Женитьба императора на принцессе Алисе Гессенской не была вызвана государственными соображениями. С самого начала их влекло друг к другу чувство взаимной привязанности, и их любовь друг к другу с каждым годом становилась все сильней. Но хотя это была идеально счастливая пара в семейной жизни, тем не менее выбор императора был несчастлив. Несмотря на многие свои хорошие стороны, — душевную теплоту, преданность супругу и детям, благонамеренные, хотя и вызванные злыми советами, стремления внушить ему твердость и решимость, которых не хватало его характеру, императрица Александра не была подходящим товарищем для государя в его трудном положении. В силу своей недоверчивости и нелюдимости ей не удалось приобрести привязанности своих подданных, хотя она и была прирожденным автократом. С самого начала она неверно оценила положение, побуждая императора держать курс, чреватый всяческими опасностями для государственного корабля, в то время, когда политические воды уже поднимались на опасную высоту. Трагический элемент можно распознать уже в первом акте этой драмы. Будучи хорошей женщиной, стремившейся служить интересам своего мужа, она оказалась орудием, избранным для его гибели. Недоверчивому и нерешительному императору было как бы предназначено попасть под влияние более сильного характера, чем каким был он. Ее слепая вера в необузданное самодержавие должна была его погубить. Если бы его супругой была женщина с более широкими взглядами и большей проницательностью, которая поняла бы, что такой режим является анахронизмом в XX веке, то история его царствования была бы иная, и, быть может, он и до сих пор был бы русским императором.
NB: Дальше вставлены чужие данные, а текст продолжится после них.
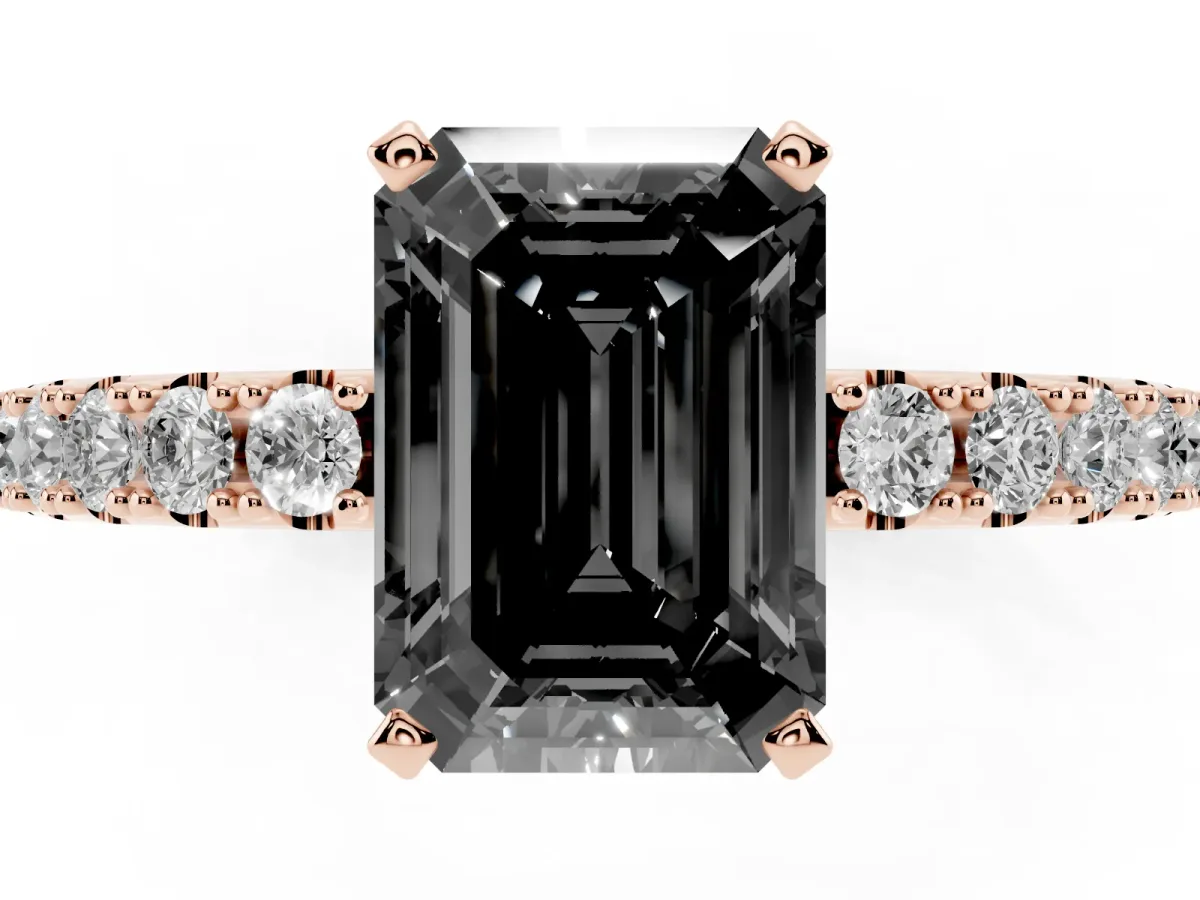 Fancy Black Emerald Cut Diamond Solitaire Pavé Band with Four-Prong Setting Rose gold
Однако, как ни гибельно было ее влияние на супруга в вопросах внутренней политики, императрица должна быть оправдана от столь часто возводимого на нее обвинения в том, что она действовала в интересах Германии. Сам Керенский однажды сказал мне, что не было найдено ни одного компрометирующего документа, который доказывал бы, что она или император когда-либо замышляли [217] заключить сепаратный мир с Германией. По его словам, он имел продолжительную частную беседу с императрицей после революции, в которой ее величество с негодованием протестовала против той мысли, что она была германофилкой. «Я — англичанка, — заявила она, — а не немка, и я всегда была верна России». Он был убежден, что она говорила правду, и хотя она бессознательно играла в руку Германии, побуждая императора вести реакционную политику, но она стремилась исключительно к сохранению в неприкосновенности самодержавия, а не к достижению более близких отношений с Германией. Однако, прибавил он, среди лиц, окружавших Распутина, имелись германские агенты.

Император Николай не унаследовал от своего отца властного характера, силы воли и способности к быстрым решениям, — качества, столь существенные для самодержавного владыки. Александр III по совету обер-прокурора святейшего синода Победоносцева отверг план реформ, который готовился подписать Александр II, когда его жизни положила конец бомба нигилиста. В течение всего своего царствования он проводил реакционную политику, основанную на бюрократической централизации. После его смерти надежды нации сосредоточились на его сыне. Эти надежды нашли себе отражение во многих лойяльных адресах, представленных Николаю II земствами при его восшествии на престол. В одном из них — адресе Тверского земства — было определенно формулировано желание некоторой формы конституционного управления.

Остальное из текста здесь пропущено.